Vers un État post-wahhabite

 

Les déclarations du prince laissent entrevoir la possibilité d’une Arabie Saoudite post-wahhabite. Un Royaume pas moins autoritaire qu’actuellement, un État qui continuera de réprimer la dissidence, de nier la participation à l’espace public et de contrôler les organes de presse, mais dans lequel l’establishment religieux wahhabite, qui a joué un rôle fondamental au cours des 250 ans d’histoire du Royaume saoudien, sera de plus en plus confiné dans un rôle marginal ou, de toute façon, impliqué uniquement dans la mesure où son intervention apparaîtra utile à la réalisation des objectifs fixés par le prince. En réalité, ce processus avait déjà été lancé en avril 2016, quand la Commission pour la promotion des vertus et la prévention du vice, plus simplement connue comme police religieuse et chargée de veiller au respect de la charia dans les lieux publics et privés, avait été privée de nombreuses prérogatives dont elle jouissait depuis des décennies.

 

Limiter l’incidence des hadîths sur la législation saoudienne est un acte préliminaire à la réforme juridique envisagée par MBS depuis déjà quelques mois.

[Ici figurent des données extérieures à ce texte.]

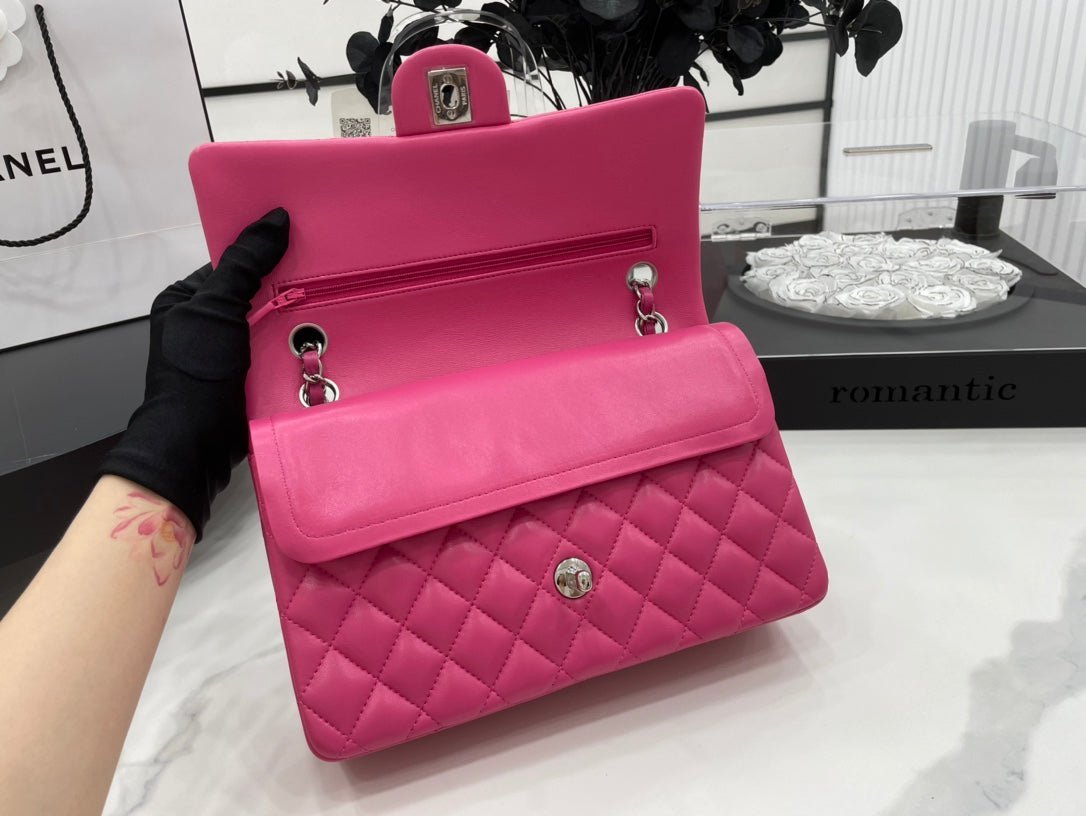 CC 25 CLASSIC SMALL DOUBLE FLAP BAG IN BRIGHT PINK CALFSKIN WITH STRAP - Image 13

Avant de donner cette interview, en effet, le prince avait annoncé son intention de créer un statut personnel, un code pénal et un code civil afin de limiter la liberté des juges et de créer les conditions pour attirer les investissements extérieurs, ce qui semble être actuellement une des préoccupations principales de MBS. Le moment où le prince a annoncé ces réformes n’est pas moins significatif : quelques mois après l’élection de Joe Biden, pour qui le respect des droits de l’homme est une question prioritaire, et un an après la grave crise économique causée par la pandémie et par l’effondrement des prix du pétrole, source principale de revenus du pays. La solution à ces problèmes passe nécessairement par la réforme structurelle du système saoudien, qui ne peut faire abstraction de la réforme religieuse. De telles réformes sont évidemment nécessaires aux projets du prince, mais si elles étaient poussées à ses conséquences extrêmes, elles pourraient signifier une révision totale de la doctrine et de la jurisprudence islamique avec un net affaiblissement du rôle des hadîths. Pour le moment, il s’agit seulement d’une interview. Les prochains développements la confirmeront ou la démentiront.